Why does Apache Spark read unnecessary Parquet columns within nested structures? - apache-spark

My team is building an ETL process to load raw delimited text files into a Parquet based "data lake" using Spark. One of the promises of the Parquet column store is that a query will only read the necessary "column stripes".
But we're seeing unexpected columns being read for nested schema structures.
To demonstrate, here is a POC using Scala and the Spark 2.0.1 shell:
// Preliminary setup
sc.setLogLevel("INFO")
import org.apache.spark.sql.types._
import org.apache.spark.sql._
// Create a schema with nested complex structures
val schema = StructType(Seq(
StructField("F1", IntegerType),
StructField("F2", IntegerType),
StructField("Orig", StructType(Seq(
StructField("F1", StringType),
StructField("F2", StringType))))))
// Create some sample data
val data = spark.createDataFrame(
sc.parallelize(Seq(
Row(1, 2, Row("1", "2")),
Row(3, null, Row("3", "ABC")))),
schema)
// Save it
data.write.mode(SaveMode.Overwrite).parquet("data.parquet")

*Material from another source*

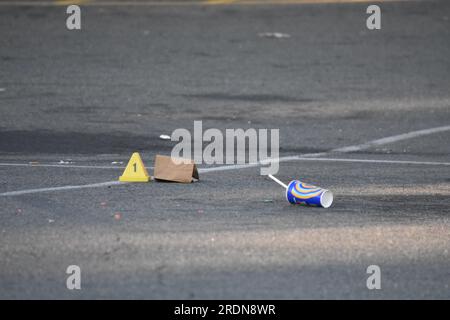 Newark, Usa. 22. Juli 2023. Beweismarkierungen am Tatort in Newark. Die Behörden untersuchen eine Schießerei auf einem Parkplatz außerhalb des Nachtclubs Marbella Lounge am Broadway in Newark. Die Schießerei geschah gegen 3:15 UHR am Samstagmorgen. Ein Mann wurde von der Staatsanwaltschaft von Essex als tot bestätigt. Es gibt keine Informationen darüber, ob Verdächtige gefasst wurden. Die Staatsanwaltschaft von Essex untersucht die Schießerei. Kredit: SOPA Images Limited/Alamy Live News Stockfoto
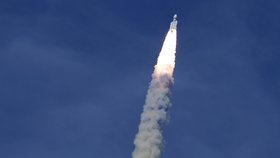 Indie vyslala do vesmíru raketu se sondou Čandrájan-3 (14. 7. 2023)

Then we read the file back into a DataFrame and project to a subset of columns:
// Read it back into another DataFrame
val df = spark.read.parquet("data.parquet")
// Select & show a subset of the columns
df.select($"F1", $"Orig.F1").show
When this runs we see the expected output:
+---+-------+
| F1|Orig_F1|
+---+-------+
| 1| 1|
| 3| 3|
+---+-------+
But... the query plan shows a slightly different story:
The "optimized plan" shows:
val projected = df.select($"F1", $"Orig.F1".as("Orig_F1"))
projected.queryExecution.optimizedPlan
// Project [F1#18, Orig#20.F1 AS Orig_F1#116]
// +- Relation[F1#18,F2#19,Orig#20] parquet
And "explain" shows:
projected.explain
// == Physical Plan ==
// *Project [F1#18, Orig#20.F1 AS Orig_F1#116]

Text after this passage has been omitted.